Князь первым пошел против этих, мягкотелых и голых, с их торчащими и лохматыми детородниками, с их ленивыми рыхлыми движениями и тупыми глазами, полными бездонного эгоизма. Именно князь обеспечил их смертью, а вместе с нею и всеми сопутствующими тому прелестями и приятствами, за что и был он, один из первых бунтовщиков неба, развенчан, и проклят, и выброшен во тьму внешнюю, как собака из дома… И всем нам было известно, что с князем преступное ослушание связалось впервые – и только по причине появления этих голеньких мелких существ.
А им и смерть и изгнание не были помехой для дальнейших их вредопакостей в нашу сторону. Пышногрудые еврейские девы и белокурые красотки Атлантиды стали причиною следующей волны репрессий в ангельском сонме… А когда наши дети от земных жен вместе с их матерями были утоплены в водах всемирного потопа, вызванного Его гневом, многие из нас сами вышли во тьму внешнюю и полетели искать князя…

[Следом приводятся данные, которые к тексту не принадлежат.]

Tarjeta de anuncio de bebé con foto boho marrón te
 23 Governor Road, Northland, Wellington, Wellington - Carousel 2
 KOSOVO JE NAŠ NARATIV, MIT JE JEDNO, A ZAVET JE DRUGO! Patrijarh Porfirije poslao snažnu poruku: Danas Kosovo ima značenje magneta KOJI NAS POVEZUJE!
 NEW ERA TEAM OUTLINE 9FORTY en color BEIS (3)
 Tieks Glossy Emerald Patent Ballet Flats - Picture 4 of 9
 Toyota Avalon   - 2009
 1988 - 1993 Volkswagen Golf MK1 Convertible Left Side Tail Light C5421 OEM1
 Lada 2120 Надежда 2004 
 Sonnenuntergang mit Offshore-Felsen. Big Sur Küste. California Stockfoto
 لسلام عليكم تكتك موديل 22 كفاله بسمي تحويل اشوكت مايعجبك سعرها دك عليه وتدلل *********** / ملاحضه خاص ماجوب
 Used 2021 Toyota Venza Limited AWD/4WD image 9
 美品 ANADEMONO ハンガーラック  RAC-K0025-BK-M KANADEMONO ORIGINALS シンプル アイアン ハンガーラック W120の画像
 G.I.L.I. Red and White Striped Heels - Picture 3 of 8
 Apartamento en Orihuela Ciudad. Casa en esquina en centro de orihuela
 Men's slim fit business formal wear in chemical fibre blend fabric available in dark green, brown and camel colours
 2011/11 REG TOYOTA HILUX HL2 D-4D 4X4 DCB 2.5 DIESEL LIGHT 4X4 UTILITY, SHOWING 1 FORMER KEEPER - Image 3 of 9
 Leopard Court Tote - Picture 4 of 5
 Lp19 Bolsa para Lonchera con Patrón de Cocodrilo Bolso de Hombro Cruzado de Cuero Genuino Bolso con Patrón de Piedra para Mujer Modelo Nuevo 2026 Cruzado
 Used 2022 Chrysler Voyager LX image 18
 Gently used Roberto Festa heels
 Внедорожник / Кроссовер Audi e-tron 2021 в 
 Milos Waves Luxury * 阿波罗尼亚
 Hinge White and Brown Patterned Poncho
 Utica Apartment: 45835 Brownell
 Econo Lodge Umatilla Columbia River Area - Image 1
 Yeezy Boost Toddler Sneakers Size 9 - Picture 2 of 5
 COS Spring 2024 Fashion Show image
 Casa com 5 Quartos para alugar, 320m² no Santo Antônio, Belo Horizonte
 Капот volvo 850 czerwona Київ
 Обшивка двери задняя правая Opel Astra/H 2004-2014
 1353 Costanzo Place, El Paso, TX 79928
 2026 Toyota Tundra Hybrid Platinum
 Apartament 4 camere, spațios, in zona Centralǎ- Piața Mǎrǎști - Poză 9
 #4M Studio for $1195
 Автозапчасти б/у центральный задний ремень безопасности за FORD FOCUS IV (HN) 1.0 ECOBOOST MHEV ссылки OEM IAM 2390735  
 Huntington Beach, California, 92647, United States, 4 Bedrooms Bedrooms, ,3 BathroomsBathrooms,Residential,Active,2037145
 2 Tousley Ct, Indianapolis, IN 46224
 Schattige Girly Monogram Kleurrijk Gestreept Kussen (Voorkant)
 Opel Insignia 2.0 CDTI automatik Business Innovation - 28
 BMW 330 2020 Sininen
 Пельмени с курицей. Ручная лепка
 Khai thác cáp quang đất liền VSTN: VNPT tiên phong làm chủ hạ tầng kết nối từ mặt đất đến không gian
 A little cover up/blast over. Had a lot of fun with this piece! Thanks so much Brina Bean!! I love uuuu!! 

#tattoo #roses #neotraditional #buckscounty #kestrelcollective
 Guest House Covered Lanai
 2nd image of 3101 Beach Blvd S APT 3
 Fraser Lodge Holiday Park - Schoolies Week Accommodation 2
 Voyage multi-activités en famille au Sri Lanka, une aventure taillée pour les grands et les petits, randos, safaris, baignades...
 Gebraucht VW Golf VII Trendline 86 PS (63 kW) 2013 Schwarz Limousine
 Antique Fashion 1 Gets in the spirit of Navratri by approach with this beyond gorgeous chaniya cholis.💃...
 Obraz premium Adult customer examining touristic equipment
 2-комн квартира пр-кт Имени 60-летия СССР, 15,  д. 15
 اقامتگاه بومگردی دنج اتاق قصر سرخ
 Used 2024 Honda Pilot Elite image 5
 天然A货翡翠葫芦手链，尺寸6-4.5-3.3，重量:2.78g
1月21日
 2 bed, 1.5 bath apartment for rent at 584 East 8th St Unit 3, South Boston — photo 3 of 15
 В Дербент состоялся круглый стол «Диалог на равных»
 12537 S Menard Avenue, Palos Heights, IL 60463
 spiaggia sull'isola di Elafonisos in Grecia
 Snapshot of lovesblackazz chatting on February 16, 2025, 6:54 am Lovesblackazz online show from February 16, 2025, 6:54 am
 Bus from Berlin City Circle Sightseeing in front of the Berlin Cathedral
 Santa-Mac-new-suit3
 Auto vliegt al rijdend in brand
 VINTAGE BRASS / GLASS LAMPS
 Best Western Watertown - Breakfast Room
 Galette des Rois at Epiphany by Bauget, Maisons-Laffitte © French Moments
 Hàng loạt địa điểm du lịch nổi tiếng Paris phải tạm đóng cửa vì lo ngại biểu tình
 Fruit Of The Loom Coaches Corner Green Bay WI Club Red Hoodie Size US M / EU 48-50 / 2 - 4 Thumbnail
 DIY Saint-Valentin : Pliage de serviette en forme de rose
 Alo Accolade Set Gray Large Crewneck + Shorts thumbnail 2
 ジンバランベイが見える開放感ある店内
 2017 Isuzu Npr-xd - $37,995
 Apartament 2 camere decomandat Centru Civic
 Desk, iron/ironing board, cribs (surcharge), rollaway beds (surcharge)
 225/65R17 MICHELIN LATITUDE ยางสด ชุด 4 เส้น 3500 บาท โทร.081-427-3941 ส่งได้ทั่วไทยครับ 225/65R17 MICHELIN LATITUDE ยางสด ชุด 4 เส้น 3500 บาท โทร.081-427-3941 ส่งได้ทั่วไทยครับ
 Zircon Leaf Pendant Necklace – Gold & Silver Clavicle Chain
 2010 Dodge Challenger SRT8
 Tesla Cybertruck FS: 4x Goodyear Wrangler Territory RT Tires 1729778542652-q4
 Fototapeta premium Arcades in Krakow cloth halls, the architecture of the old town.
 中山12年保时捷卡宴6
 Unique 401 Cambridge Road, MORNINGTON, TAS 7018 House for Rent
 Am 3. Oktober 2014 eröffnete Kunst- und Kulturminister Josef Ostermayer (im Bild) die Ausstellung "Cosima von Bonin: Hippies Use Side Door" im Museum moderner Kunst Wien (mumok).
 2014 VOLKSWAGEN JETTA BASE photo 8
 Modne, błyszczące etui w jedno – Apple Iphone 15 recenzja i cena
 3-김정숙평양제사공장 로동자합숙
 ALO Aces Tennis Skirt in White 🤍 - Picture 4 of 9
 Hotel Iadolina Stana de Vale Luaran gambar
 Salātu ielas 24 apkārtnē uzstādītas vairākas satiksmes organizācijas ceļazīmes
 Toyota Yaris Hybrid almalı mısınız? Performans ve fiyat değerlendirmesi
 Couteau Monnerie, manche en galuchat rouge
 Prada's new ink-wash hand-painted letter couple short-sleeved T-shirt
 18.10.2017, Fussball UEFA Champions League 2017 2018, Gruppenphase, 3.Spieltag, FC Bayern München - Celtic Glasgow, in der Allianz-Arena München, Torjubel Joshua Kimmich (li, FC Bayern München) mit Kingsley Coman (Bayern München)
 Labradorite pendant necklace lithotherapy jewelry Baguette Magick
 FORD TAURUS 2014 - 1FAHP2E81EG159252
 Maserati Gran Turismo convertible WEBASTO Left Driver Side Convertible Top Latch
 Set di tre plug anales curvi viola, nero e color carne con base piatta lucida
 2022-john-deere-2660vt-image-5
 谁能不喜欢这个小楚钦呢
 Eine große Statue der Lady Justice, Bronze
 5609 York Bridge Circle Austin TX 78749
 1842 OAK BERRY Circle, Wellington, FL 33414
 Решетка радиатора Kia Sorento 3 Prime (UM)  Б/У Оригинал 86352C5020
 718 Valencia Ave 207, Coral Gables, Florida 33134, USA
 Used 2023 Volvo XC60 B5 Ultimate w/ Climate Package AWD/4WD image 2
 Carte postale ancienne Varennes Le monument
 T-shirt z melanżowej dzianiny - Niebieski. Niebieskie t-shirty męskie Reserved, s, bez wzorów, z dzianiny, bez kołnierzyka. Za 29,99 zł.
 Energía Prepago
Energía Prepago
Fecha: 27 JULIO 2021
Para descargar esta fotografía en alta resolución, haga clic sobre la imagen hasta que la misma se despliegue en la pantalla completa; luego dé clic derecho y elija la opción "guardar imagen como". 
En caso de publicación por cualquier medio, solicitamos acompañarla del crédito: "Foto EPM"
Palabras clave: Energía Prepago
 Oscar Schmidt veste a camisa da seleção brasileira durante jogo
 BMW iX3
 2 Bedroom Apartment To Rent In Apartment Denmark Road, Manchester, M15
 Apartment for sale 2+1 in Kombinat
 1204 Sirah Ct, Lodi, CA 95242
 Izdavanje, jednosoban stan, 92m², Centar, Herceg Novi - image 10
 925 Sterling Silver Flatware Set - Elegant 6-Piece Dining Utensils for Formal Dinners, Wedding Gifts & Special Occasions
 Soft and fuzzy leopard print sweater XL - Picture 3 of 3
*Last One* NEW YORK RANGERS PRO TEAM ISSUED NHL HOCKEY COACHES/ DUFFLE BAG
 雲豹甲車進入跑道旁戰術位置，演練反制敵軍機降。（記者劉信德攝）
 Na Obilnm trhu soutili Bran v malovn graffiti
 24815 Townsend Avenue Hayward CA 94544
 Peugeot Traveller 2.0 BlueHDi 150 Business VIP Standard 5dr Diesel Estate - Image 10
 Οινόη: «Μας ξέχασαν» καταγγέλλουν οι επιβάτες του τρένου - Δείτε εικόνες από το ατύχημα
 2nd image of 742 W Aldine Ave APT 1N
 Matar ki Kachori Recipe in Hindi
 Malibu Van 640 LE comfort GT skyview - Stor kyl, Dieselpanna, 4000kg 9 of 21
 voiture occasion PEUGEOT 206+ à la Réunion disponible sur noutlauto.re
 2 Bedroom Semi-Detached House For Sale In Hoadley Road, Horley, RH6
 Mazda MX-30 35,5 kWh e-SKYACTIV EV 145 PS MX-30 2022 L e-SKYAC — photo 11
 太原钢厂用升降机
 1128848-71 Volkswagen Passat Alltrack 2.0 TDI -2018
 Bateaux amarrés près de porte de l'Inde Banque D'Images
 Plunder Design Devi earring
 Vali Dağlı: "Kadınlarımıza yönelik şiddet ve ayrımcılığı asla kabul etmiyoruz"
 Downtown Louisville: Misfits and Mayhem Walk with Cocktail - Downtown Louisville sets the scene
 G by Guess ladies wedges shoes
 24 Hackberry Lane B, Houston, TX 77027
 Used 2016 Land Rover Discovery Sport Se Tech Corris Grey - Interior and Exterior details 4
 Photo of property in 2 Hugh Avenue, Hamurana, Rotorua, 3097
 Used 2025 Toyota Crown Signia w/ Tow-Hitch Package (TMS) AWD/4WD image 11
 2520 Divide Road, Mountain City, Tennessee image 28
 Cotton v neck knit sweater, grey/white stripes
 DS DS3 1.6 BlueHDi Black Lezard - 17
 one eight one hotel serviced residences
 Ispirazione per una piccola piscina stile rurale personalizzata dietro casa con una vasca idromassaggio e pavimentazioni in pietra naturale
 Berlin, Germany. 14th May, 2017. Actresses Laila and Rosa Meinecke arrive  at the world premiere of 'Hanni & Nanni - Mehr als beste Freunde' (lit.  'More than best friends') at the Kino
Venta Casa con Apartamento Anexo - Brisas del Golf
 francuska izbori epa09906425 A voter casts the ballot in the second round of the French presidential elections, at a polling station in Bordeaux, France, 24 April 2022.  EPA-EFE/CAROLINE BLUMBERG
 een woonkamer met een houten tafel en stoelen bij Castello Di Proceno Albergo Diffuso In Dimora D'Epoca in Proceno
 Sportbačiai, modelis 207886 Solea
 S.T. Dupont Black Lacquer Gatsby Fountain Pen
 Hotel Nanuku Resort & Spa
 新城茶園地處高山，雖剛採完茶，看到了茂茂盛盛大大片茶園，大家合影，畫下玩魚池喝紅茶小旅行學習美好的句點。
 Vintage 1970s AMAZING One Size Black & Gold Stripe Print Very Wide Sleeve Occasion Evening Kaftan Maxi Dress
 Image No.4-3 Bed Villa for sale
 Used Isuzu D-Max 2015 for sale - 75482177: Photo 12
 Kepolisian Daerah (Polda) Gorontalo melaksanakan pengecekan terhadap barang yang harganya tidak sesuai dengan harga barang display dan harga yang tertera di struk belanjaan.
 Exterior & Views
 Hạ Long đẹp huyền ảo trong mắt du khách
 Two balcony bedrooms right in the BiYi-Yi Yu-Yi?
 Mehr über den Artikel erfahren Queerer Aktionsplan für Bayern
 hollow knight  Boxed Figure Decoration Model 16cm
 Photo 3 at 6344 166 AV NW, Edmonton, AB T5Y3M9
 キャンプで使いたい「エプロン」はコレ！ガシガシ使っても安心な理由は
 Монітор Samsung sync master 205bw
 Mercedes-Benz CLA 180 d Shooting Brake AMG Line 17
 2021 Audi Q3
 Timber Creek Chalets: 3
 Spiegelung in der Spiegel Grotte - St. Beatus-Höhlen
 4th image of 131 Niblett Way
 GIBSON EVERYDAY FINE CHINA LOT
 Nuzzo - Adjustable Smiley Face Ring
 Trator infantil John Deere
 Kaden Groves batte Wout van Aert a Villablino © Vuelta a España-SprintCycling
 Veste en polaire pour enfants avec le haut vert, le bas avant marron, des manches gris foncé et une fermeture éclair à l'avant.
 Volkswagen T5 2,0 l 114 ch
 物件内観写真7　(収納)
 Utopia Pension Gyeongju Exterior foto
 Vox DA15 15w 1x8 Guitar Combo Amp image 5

А некоторые не стали ни армейцами князя, ни зловещими городами, ни загрязненными реками земли – действуя в одиночку, они летали в качестве пилотов НЛО и в основном стимулировали появление боевых самолетов с ядерным вооружением. Но в последней решительной битве участвовали все – и одинокие партизаны также; после того как войска князя были разбиты и летом 1914 года сброшены в виде грандиозного метеоритного дождя с небес на землю, некоторым из одиночек удалось ускользнуть в космос – и они навсегда расстались с земной жизнью. То есть их постигла смерть. Это были первые ангелы-самоубийцы, добровольно вкусившие смерть, которые таким способом были наказаны за их ненависть к людям.
Значит, приобщение к вечной земной жизни и есть бессмертие; отлучение от этой жизни и есть смерть. Истинный Его гений в том и заключался, что вечность была нерасторжимо связана с жизнью. И венцом творения явился все же человек, ничего с этим не поделать, как бы мы, надевшие карнавальные маски, нырнувшие в диски компьютеров, закрывшиеся щитами из людских тел, – как бы мы ни презирали это Адамово-Евино потомство, уже миллиарды раз обманутое и надругательски истязуемое нами, совершенно чудовищное в своем поведении – но любимое, по-прежнему любимое Им!
Один из них еще задолго до рождения Христова получил возможность узнать о воскресении из мертвых – это был певец Орфей из Греции, которому разрешено было вернуть из подземного царства смерти его жену. Но он нарушил запрет, наложенный на него царем мертвых, и первое воскрешение человека не состоялось: жена Орфея не вышла из подземного Тартара. Сын своей матери, каждый потомок Евы удобен для нас первым делом этой своей способностью страстно желать именно того, чего ему не разрешается.
Много веков спустя после смерти Орфея певец был возрожден в Корее в одном из корейцев – вернее, был вновь воссоздан его голос и воскрешен в новом теле дух райской музыки, которая может быть передана только человеком. Этому корейскому счастливчику были обеспечены место в новом раю и переход туда прямиком, без тяжкого труда смерти. Но Евин сын не был бы таковым, каким получился, а мы, демоны, не были бы ревнивыми заоблачными женихами ее дочерей, если бы не попытались сделать все, чтобы блаженному глупцу вновь лишиться милости своего Создателя.
Ведь Он поначалу и создал-то, словно радугу в облаке, на райской земле человека, чтобы только слышать его поющий голос: сочетание музыки и слова.
Может быть, в начале и на самом деле была Музыка, а затем – Слово; может быть, Слово рождено Музыкой… Но как бы там ни было, мне теперь ясно, для чего Создателю стал нужен, кроме нас, еще и человек. В крошечном диапазоне и лишь в условиях хрупкого земного климата способен был прозвучать слабенький голосок Орфея; но именно он, только он, голос поющего человека, ребенок
Музыки и Слова, может напомнить Ему о тайнах начала – о начале тайн, которых никто, кроме Его Самого, не знает и не может знать…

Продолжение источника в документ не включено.